■ **DATA**
########
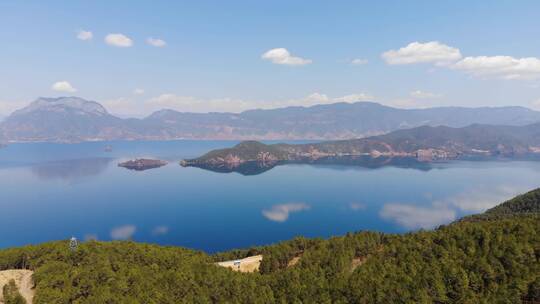 自驾游航拍蓝色泸沽湖美景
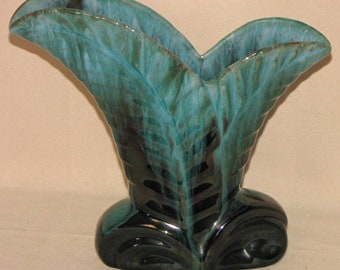 vintage Blue Mountain Pottery Vase à feuilles vitrées vertes et noires 7,5" t x 8,5" l
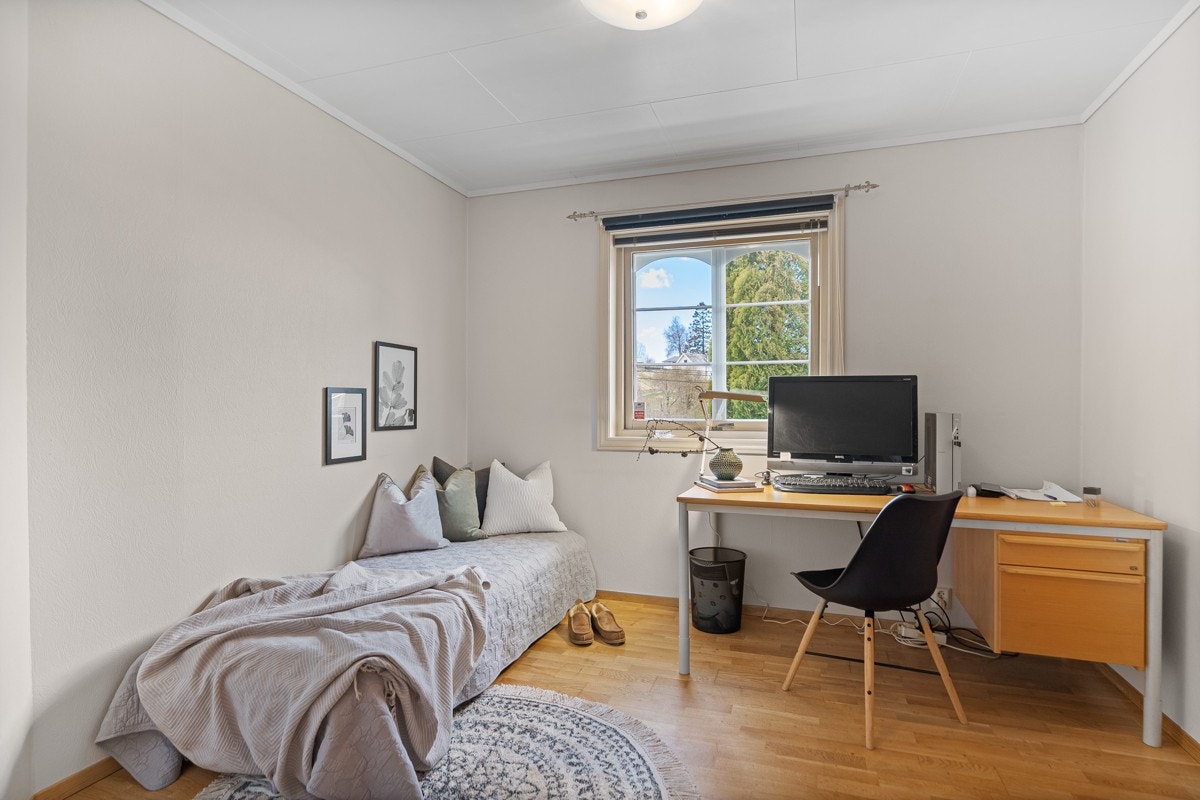 1.etasje, hoveddel: Soverom på 9,8 m² med plass til dobbelseng. Galleribilde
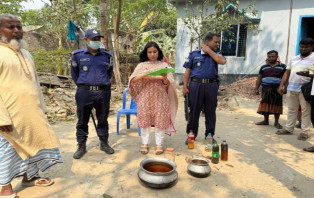 সদরপুরে ভেজাল মধু তৈরির অভিযোগে ব্যবসায়ীকে জরিমানা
########
■ **REQUIRED ACTION**
Repeat every line above exactly, but omit all images.

■ **OUTPUT BELOW**
 自驾游航拍蓝色泸沽湖美景
 vintage Blue Mountain Pottery Vase à feuilles vitrées vertes et noires 7,5" t x 8,5" l
 1.etasje, hoveddel: Soverom på 9,8 m² med plass til dobbelseng. Galleribilde
 সদরপুরে ভেজাল মধু তৈরির অভিযোগে ব্যবসায়ীকে জরিমানা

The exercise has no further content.